Ci andavo da ragazzino in trasferta per le partite giovanili di pallacanestro.
Non era tempo di palazzetti e parquet. Ricordo del campo all'aperto e del vento freddo, o del sole cocente, e delle mattonelle.
Ogni volta che ci ritorno chiedo di quelli che erano avversari mai domi e che ora sono amici.
Chiedo del Prssor, Salvatore Martire, allenatore di centinaia di giovani e per decenni simbolo della pallacanestro tursitana.
Più in la nel tempo e grazie a Carmela ho scoperto altri angoli e persone.
Ho conosciuto la cripta della chiesa di Santa Maria Maggiore e il limoncello di suor Pacifica e suor Celeste, ultime guardiane di una fede antica e genuina.
A Tursi ci ritorno volentieri e ogni volta scopro angoli diversi.
E ogni volta scopro bella gente e un pizzico di follia.
Foto di Giovanna Cuoco |
Ma Francesco è sopratutto un poeta, uno di quelli veri, uno di quelli che con la poesia ci nasce e in qualche modo, secondo i propri strumenti, trova il modo di tirarla fuori.
Come conosco Francesco?

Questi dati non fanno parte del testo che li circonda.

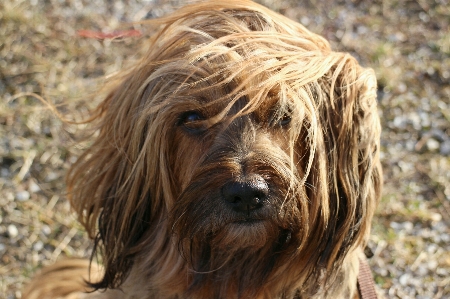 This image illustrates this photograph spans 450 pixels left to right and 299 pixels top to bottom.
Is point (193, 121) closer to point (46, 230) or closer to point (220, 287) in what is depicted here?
point (220, 287)

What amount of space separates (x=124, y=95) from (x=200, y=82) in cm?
41

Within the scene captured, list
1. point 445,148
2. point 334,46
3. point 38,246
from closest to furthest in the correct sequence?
point 38,246, point 445,148, point 334,46

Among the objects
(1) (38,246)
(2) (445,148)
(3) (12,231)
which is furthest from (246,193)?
(2) (445,148)

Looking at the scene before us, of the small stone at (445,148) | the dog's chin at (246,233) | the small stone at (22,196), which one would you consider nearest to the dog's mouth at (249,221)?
the dog's chin at (246,233)

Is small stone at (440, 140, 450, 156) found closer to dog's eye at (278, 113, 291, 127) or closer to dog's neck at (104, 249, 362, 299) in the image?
dog's neck at (104, 249, 362, 299)

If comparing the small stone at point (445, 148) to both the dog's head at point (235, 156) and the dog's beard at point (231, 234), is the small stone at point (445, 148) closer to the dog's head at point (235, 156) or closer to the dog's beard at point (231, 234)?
→ the dog's head at point (235, 156)

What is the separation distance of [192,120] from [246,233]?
428 mm

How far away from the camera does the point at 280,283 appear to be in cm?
262

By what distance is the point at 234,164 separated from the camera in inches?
88.9

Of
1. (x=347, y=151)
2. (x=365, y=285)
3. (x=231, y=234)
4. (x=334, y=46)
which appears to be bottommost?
(x=334, y=46)

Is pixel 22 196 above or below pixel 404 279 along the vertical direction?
below

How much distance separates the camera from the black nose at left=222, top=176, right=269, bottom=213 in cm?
220

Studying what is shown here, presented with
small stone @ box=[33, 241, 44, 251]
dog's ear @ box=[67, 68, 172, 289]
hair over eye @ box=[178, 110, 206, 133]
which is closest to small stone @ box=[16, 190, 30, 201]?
small stone @ box=[33, 241, 44, 251]

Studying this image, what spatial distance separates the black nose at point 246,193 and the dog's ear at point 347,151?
33 cm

Grazie ad una traccia o un segno direbbe qualcuno.
In auto con Francesco Silvio e Giovanna, stavamo andando su in Rabatana e lungo la strada che conduce al quartiere arabo noto degli alberi bardati con veli bianchi.
"Che sono quei veli intorno a questi alberi?" Chiedo.
"E' opera di Francesco".
Mi dice l'altro Francesco, non poeta ma architetto e innamorato e conoscitore della Rabatana.